- **DATA SHOWN**:
——
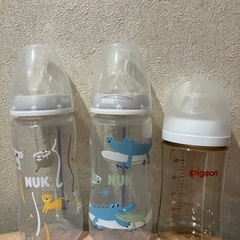 NUK Pigeon哺乳瓶 3本セット+おまけ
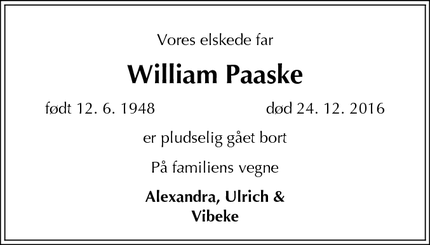 Dødsannoncen for William Paaske - Frederiksberg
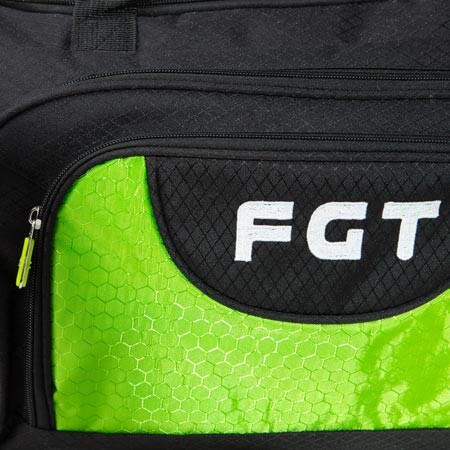 Сумка спортивная, дорожная FGT, серый/зеленый. 
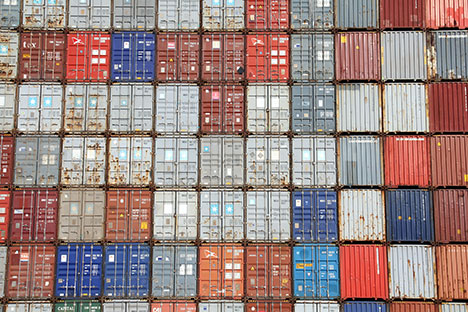 Stacked Shipping Containers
——
- **ABOUT THIS TASK**: What is needed is the data above, retyped exactly, with every picture left out.

- **RESPONSE**:
 NUK Pigeon哺乳瓶 3本セット+おまけ
 Dødsannoncen for William Paaske - Frederiksberg
 Сумка спортивная, дорожная FGT, серый/зеленый. 
 Stacked Shipping Containers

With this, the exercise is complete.